▶ _Problem_: Using the data that follows, output only the lines from the line with "Non stick Frying" up to and including the line with "A production dashboard", exactly, leaving pictures aside.
----- Task inputs -----
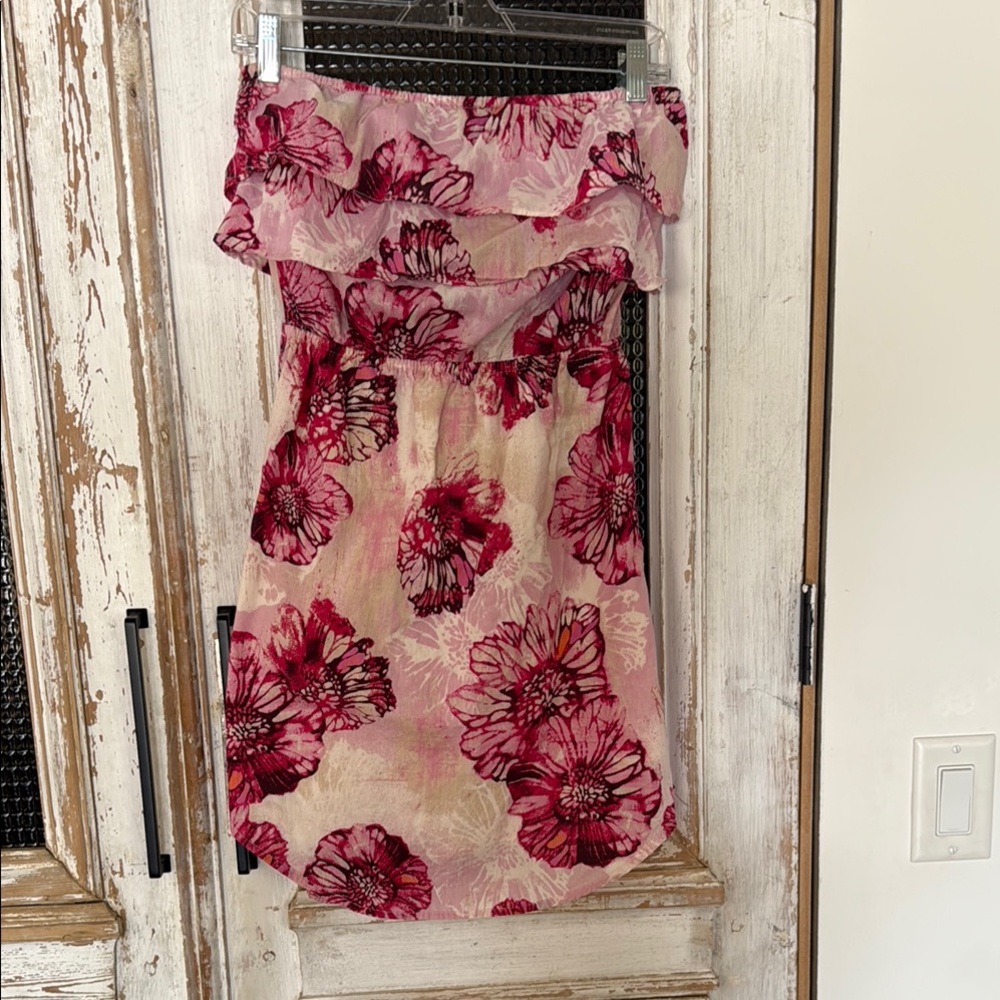 Roxy Pink Off-the-Shoulder Ruffled Sundress
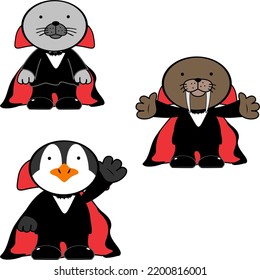 halloween dracula costume cartoon animals set illustration in vector format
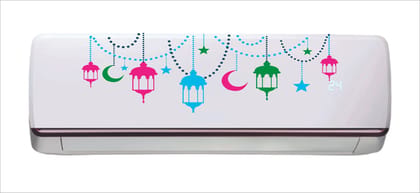DreamKraft Decorative Hanging Lamp & Moons AC Sticker (Multicolor PVC Vinyl, 30cm X 91cm)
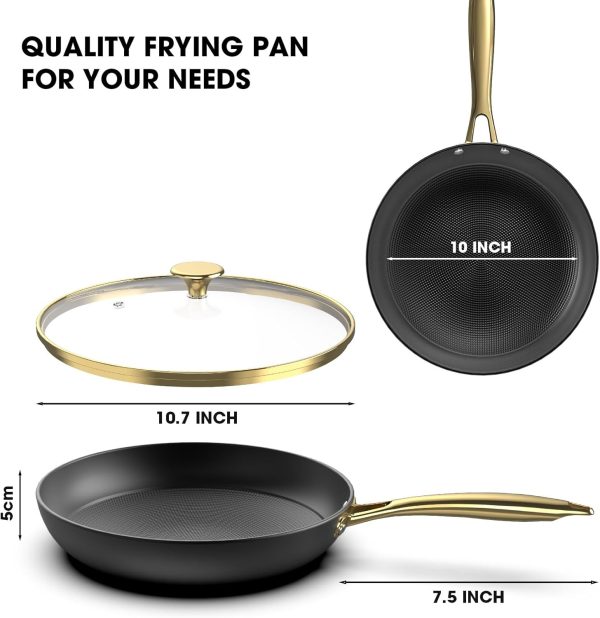 Non stick Frying Pans, Long Lasting 10 Inch Frying Pan with Lid, Professional Cast Iron Skillets Nonstick Frying Pan, Frying Pans Nonstick with Lid and Stay Cool Handle, Valentines Day Gifts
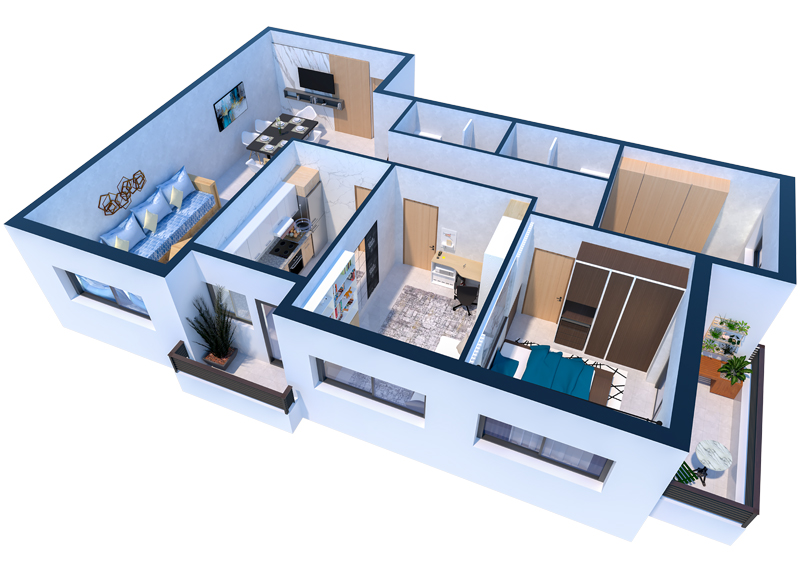 Plan de masse appartement - 3 chambres, 2 salles de bain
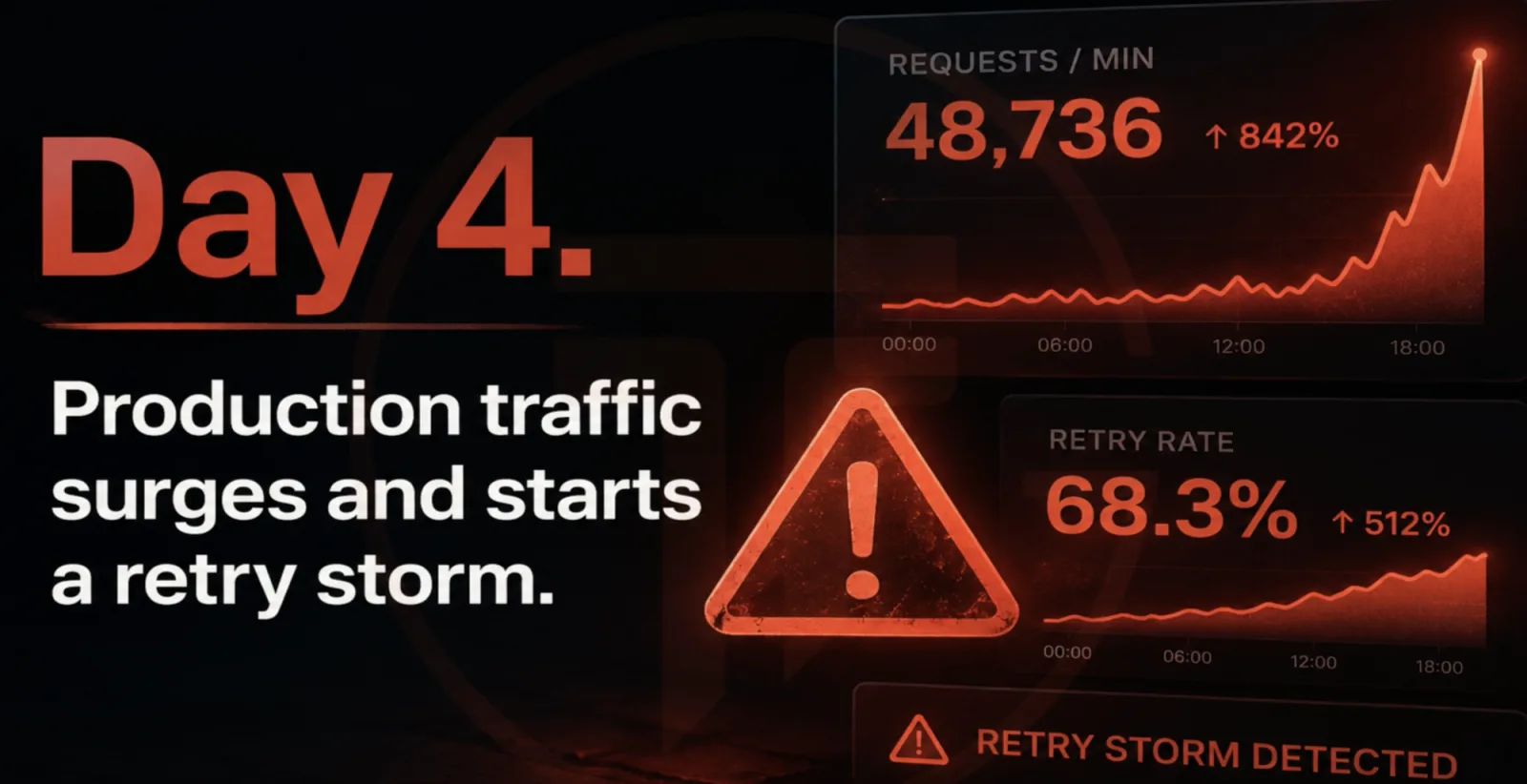 A production dashboard on day four: requests per minute at 48,736, up 842 percent, retry rate at 68.3 percent, up 512 percent, and a retry storm detected alert.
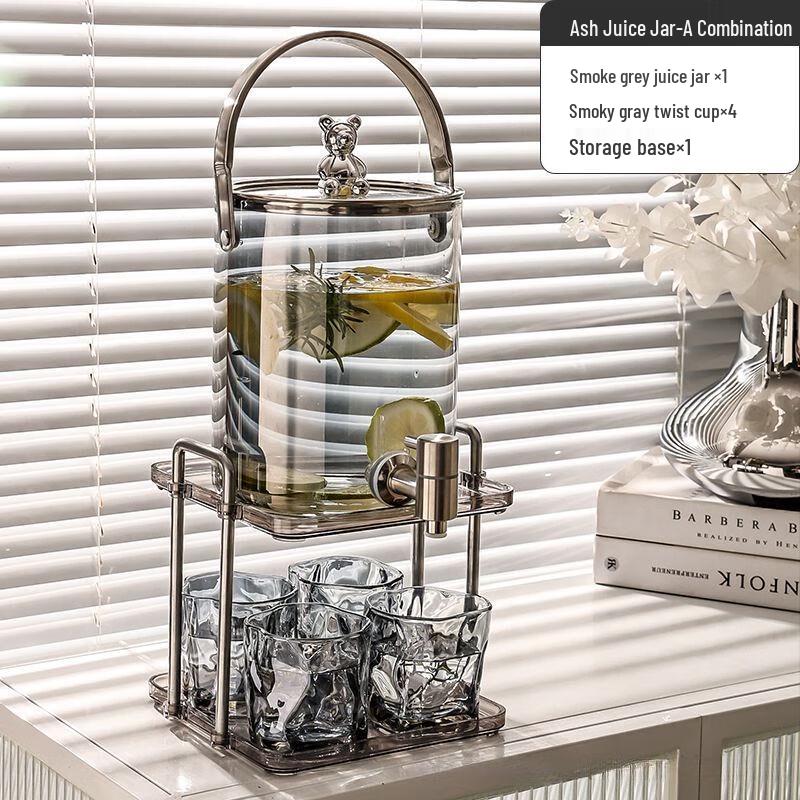 Glass Beverage Dispenser with Faucet Set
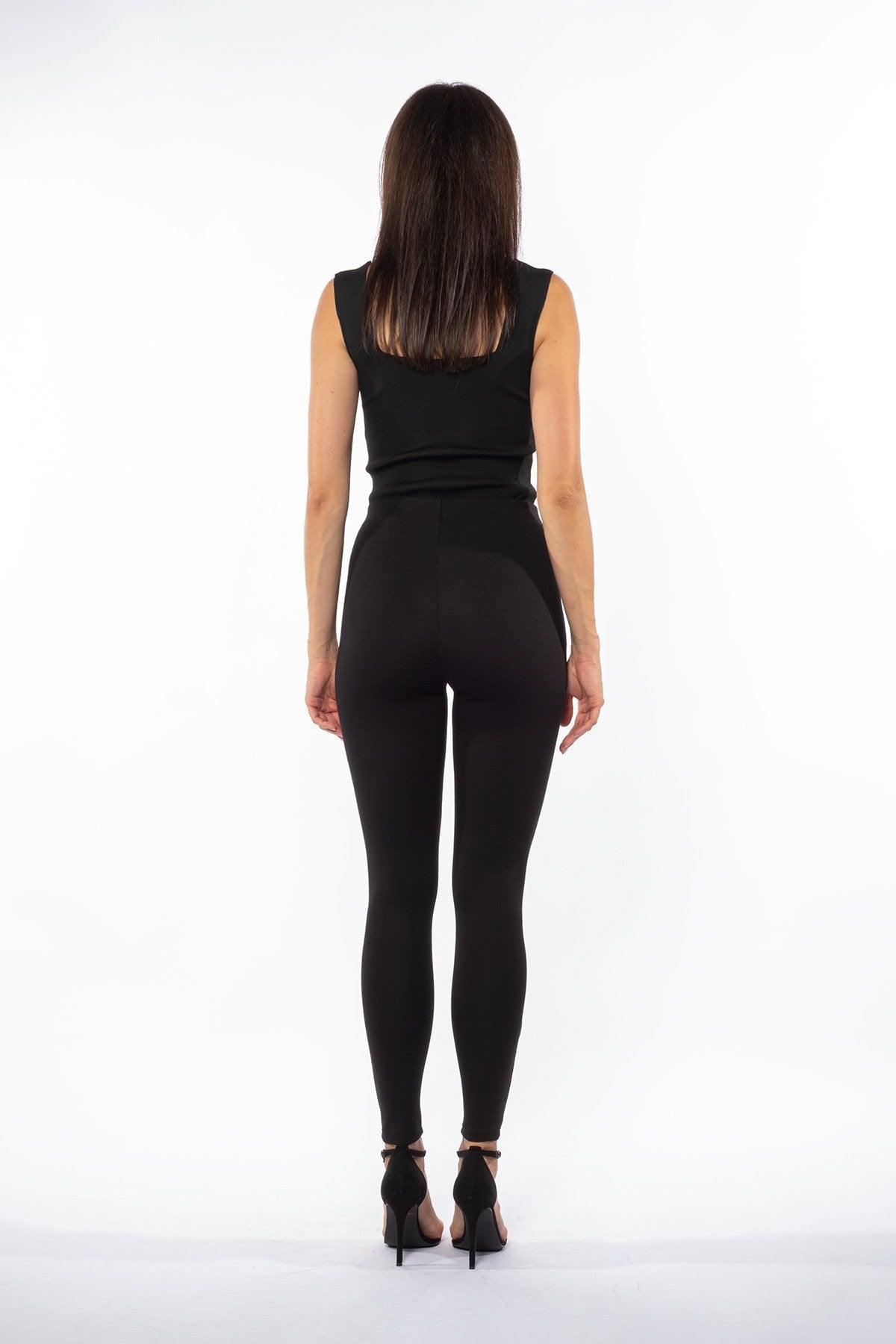 Siyah Gold Düğmeli Ve Çapraz Dikişli Yüksek Bel Toparlayıcı Kışlık Örme Tayt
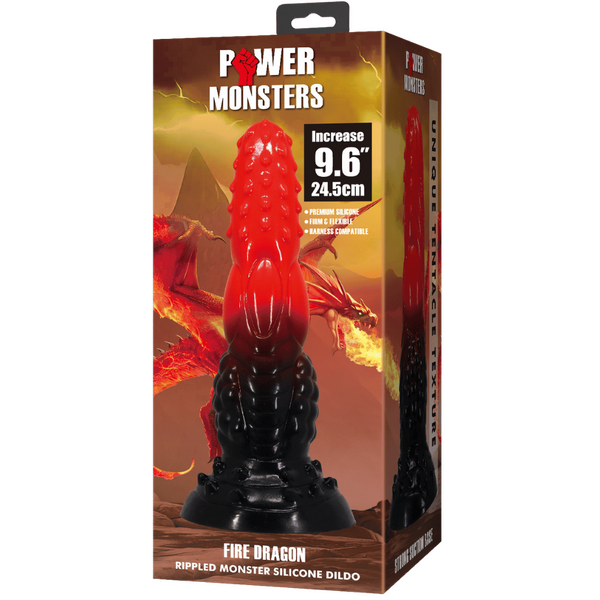 Power Monsters Fire Dragon 9.6" Rippled Monster Silicone Fantasy Dildo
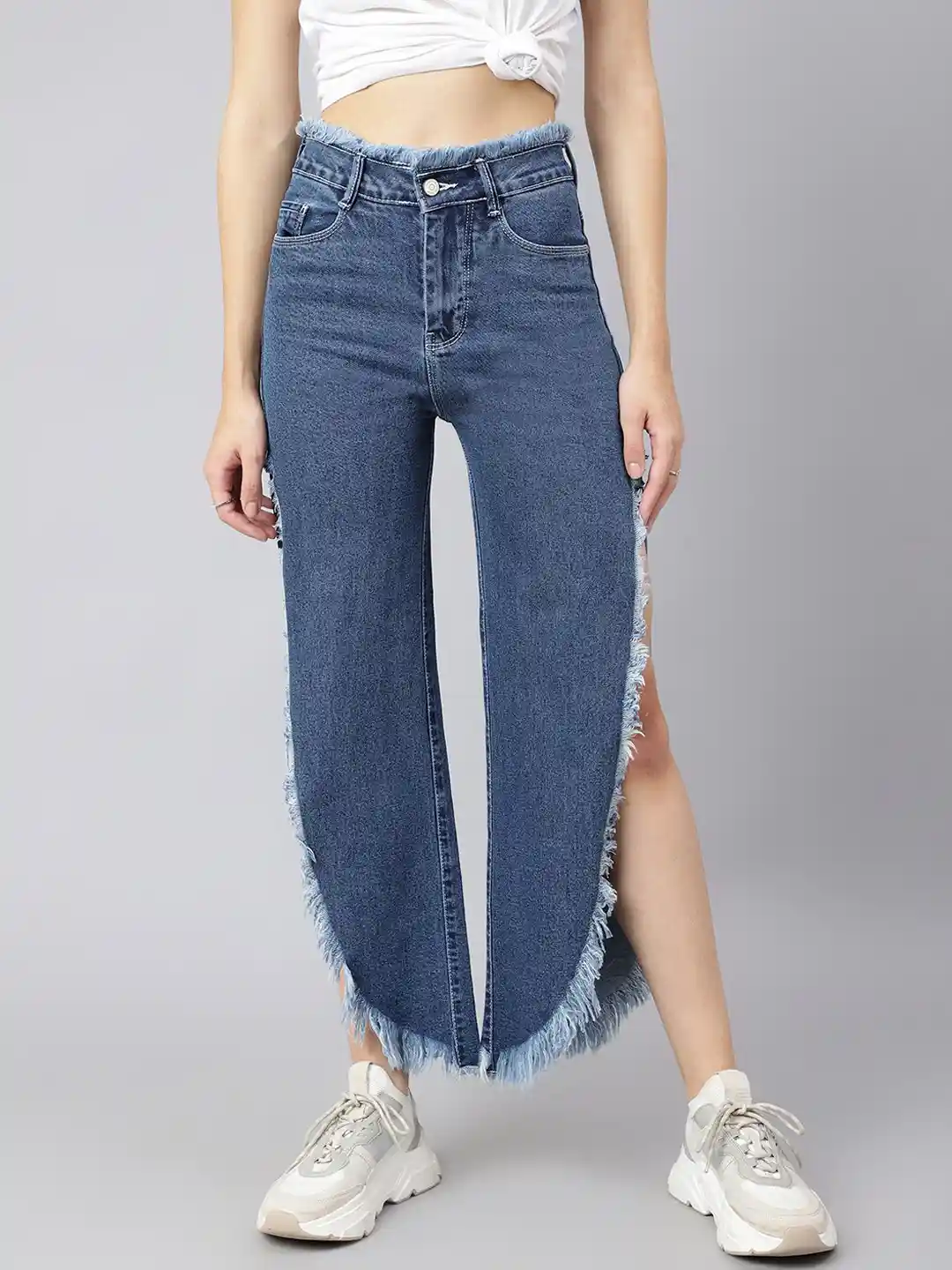 Buy Code 61 Women Blue Wide Leg High-Rise Ripped Jeans Jeans for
-----
▶ _Exercise solution_:
 Non stick Frying Pans, Long Lasting 10 Inch Frying Pan with Lid, Professional Cast Iron Skillets Nonstick Frying Pan, Frying Pans Nonstick with Lid and Stay Cool Handle, Valentines Day Gifts
 Plan de masse appartement - 3 chambres, 2 salles de bain
 A production dashboard on day four: requests per minute at 48,736, up 842 percent, retry rate at 68.3 percent, up 512 percent, and a retry storm detected alert.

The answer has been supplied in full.